Answer: Whether your internship project is a success or a failure, you can be sure of one thing: it will clarify whether your organisation (or your part of it) is a “giving” or a “taking” one. This is because in almost all internship projects, there will be more “give” by the employer than “take”. And that is essentially because the company is able to give a lot more – it has all the experience and knowledge.
Conversely, the intern is not easily able to give because she does not have that experience and knowledge yet.
The concepts of giving and taking are essential in understanding an internship. Both the manager and the intern need to understand them, and keep conscious of them during the internship.
Of course the employer could just see the intern as cheap labour – putting him in front of a screen to do data capture every day, and not introducing him to anyone. When the intern leaves, neither the company nor the intern will have gained anything significant.

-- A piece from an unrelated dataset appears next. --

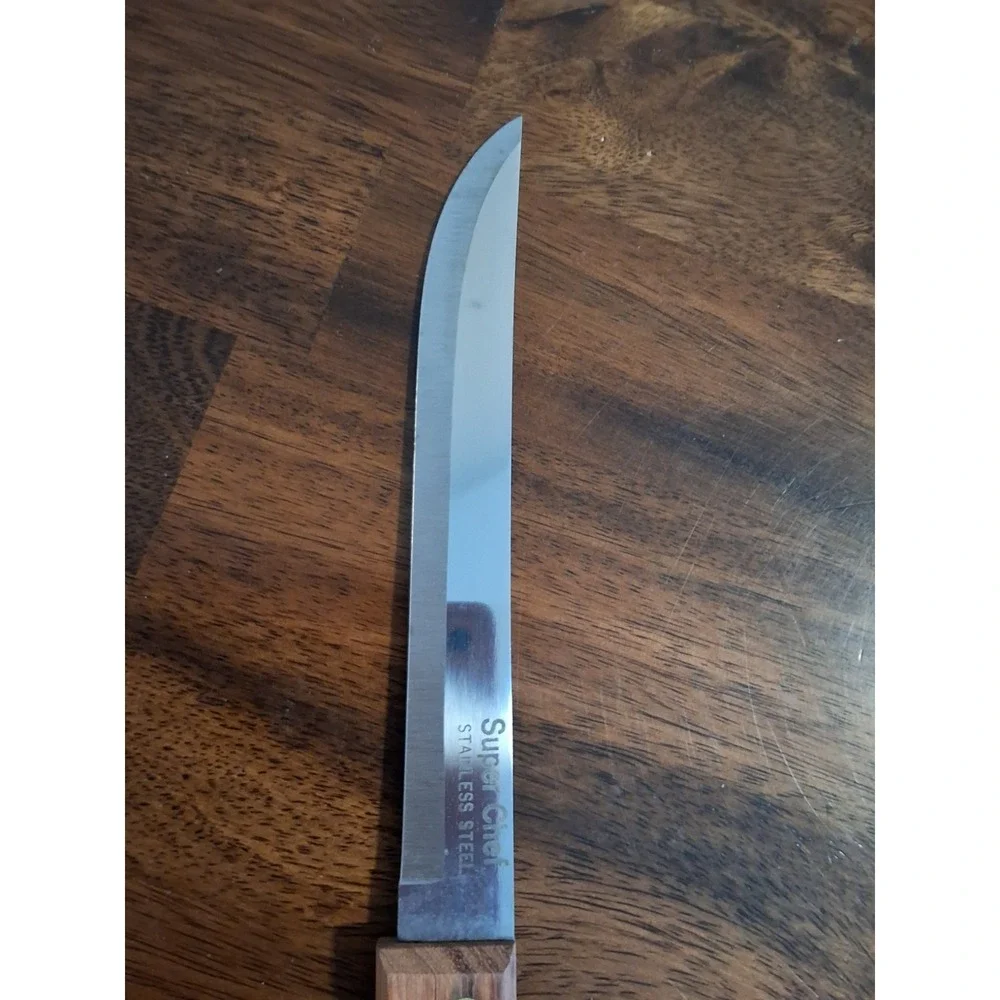 Vintage Super Chef Knife, 7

Giving to interns may not initially be easy. Some interns arrive with a good attitude to work. But in my experience, graduate interns particularly often have an expectation that the world is there to give them something – that they are entitled to this work and to a job. It apparently does not cross their mind that they might need to make a contribution.
If the intern reacts in this kind of taking way, his manager’s job is to not respond in kind but rather to give appropriately in response. That appropriate response is likely to include a reprimand, setting a standard, and performance-managing the intern.

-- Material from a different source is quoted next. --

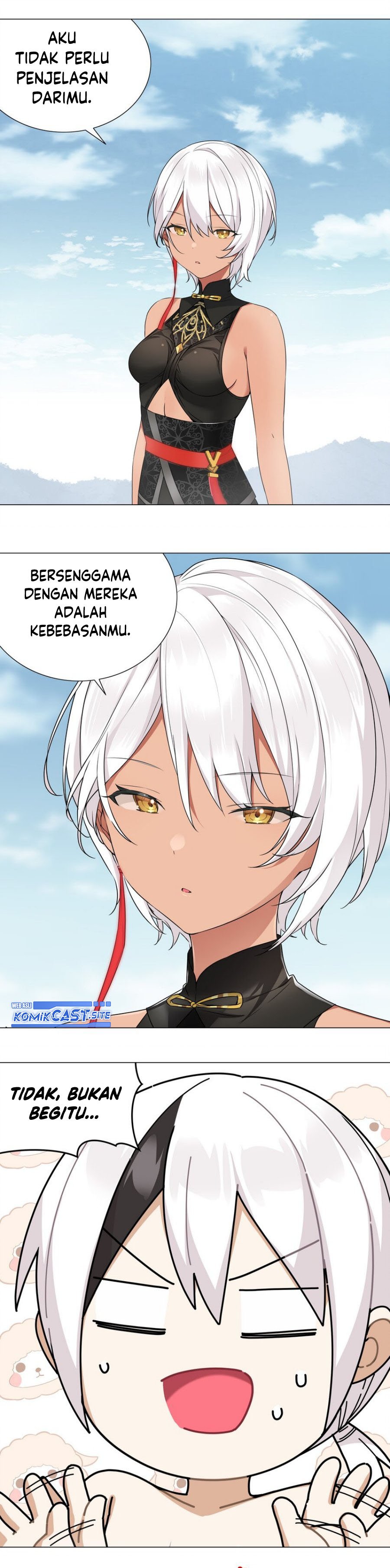 My Harem Grew So Large, I Was Forced to Ascend chapter 67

When a manager reacts to a taking intern by taking (by, for instance, telling the intern to “just get on with it – I’m not going to take time to explain to you why this works this way” or by giving the intern a menial job because she can’t be bothered to adhere to the planned internship), then the internships will fail.
Not everyone responds to giving by giving. But invariably people (including interns) respond to taking by taking.
A company may have one or a combination of motives for investing in an internship programme: it may see it as a way of recruiting good, young people (that is, particularly people who give more than they take) using (perhaps) a government-subsidised trial period; or it may want to represent its business in a marketing way; or it may see this as a give-back to society by preparing the intern for the world of work. All of these are valid reasons for participating in an internship programme.